Ingredients:
Whole Grain High-Protein Wraps:
Look for vegan-friendly options like Toufayan Bakeries or Mission Foods. These wraps will add a hearty base and additional protein.
Super-Firm or Extra-Firm Tofu: Super-firm is ideal as it doesn’t require pressing. Grate using the largest holes on a box grater. (14 grams of protein per serving)
Chickpeas: Rich in iron, fiber, and protein. You can use canned chickpeas, drained and rinsed.
Red Onion: Provides a sharp flavor and color contrast.
Garlic Powder, Onion Powder, Paprika, Cayenne Pepper: These spices add depth and a bit of heat to the dish.
Carrot and Zucchini: Spiralized or grated to add texture and nutrients.
Fresh Parsley: Adds a fresh, herbaceous flavor.
Olive Oil: For sautéing the tofu and chickpeas.
Lemon Juice: Adds brightness and tang to the veggies.
Salt & Pepper: For seasoning.
Hot Sauce or Preferred Sauce: Add to taste for a bit of kick and moisture.
Substitutions:
Tofu can be substituted with crumbled tempeh for even more protein, or you can double the chickpeas if you want to skip the tofu. Chickpeas can be replaced with black beans, white beans, shelled edamame, or lentils. Carrot and zucchini can be swapped out for beets, parsnip, bell pepper, or cabbage. Red onion can be substituted with yellow onion or green onions for a milder flavor.
Instructions:
Start by sautéing the tofu and chickpeas. Grate the tofu and heat a large skillet over medium-high heat. Add the tofu, chickpeas, and a drizzle of olive oil. Sauté for about 6 minutes, stirring frequently, until the tofu and chickpeas are golden brown.
Next, cook the aromatics. Add the red onion to the skillet and cook for 2 minutes, stirring frequently. Sprinkle in the garlic powder, onion powder, paprika, cayenne, salt, and pepper. Cook for another minute until the spices are fragrant.
Add the sauce of your choice. Pour in your preferred hot sauce or wing sauce. Stir well and cook for an additional 2 minutes until everything is bubbling and well combined.
While the tofu and chickpeas are cooking, prepare the veggies by spiralizing or grating the carrot and zucchini. Transfer them to a medium bowl and add chopped parsley.
Season the veggies by drizzling them with olive oil and lemon juice. Season with salt and pepper to taste.

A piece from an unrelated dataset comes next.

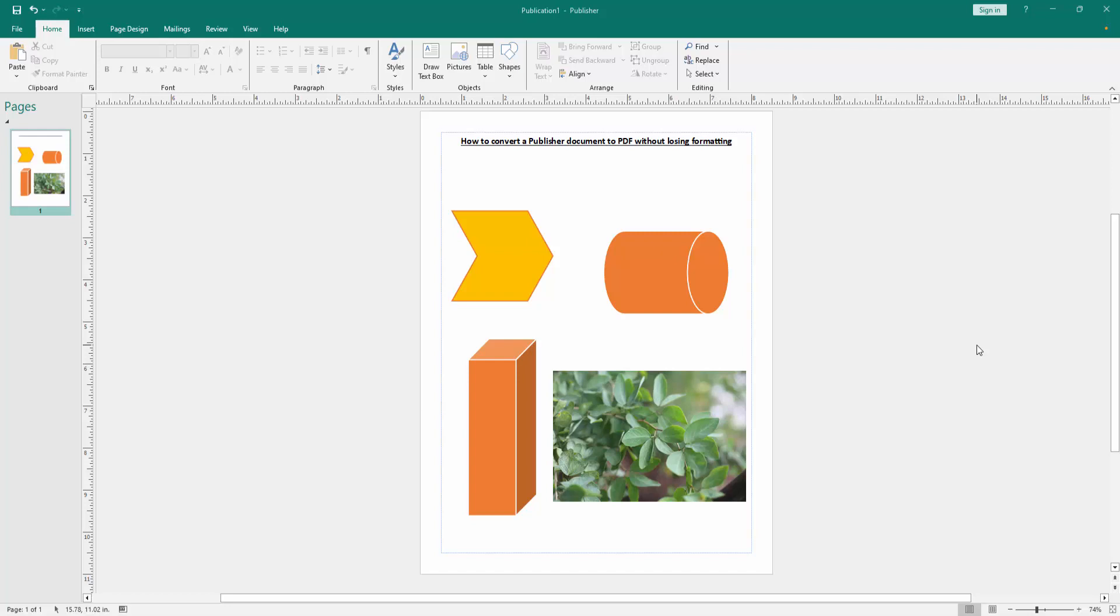In this video, I am going to show you how to convert a Publisher document to PDF without losing formatting. Let's get started.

To assemble the wraps, warm the wraps in a microwave or skillet for 15 seconds to make them more pliable. Lay the tofu-chickpea mixture in the center of the wrap, followed by a generous portion of the spiralized veggie salad. Fold the sides of the wrap over the filling and roll it up tightly.
Expert Tips:
When choosing veggies for freezing, avoid using cucumber, lettuce, or sliced tomato as they don’t freeze well. To store, keep the tofu-chickpea filling and veggie salad separately in the refrigerator for up to 5 days and assemble the wraps just before serving for the best texture. If freezing, once assembled, wrap each veggie wrap in parchment or foil, place them in a freezer bag, and freeze for up to 3 months. When ready to reheat from frozen, bake in the oven at 350°F for about 25 minutes, or remove the foil, wrap in a moist paper towel, and microwave in 30-60 second increments until heated through.
Enjoy your delicious, high-protein, vegan-friendly veggie wraps! Perfect for meal prep or a quick, healthy meal on the go.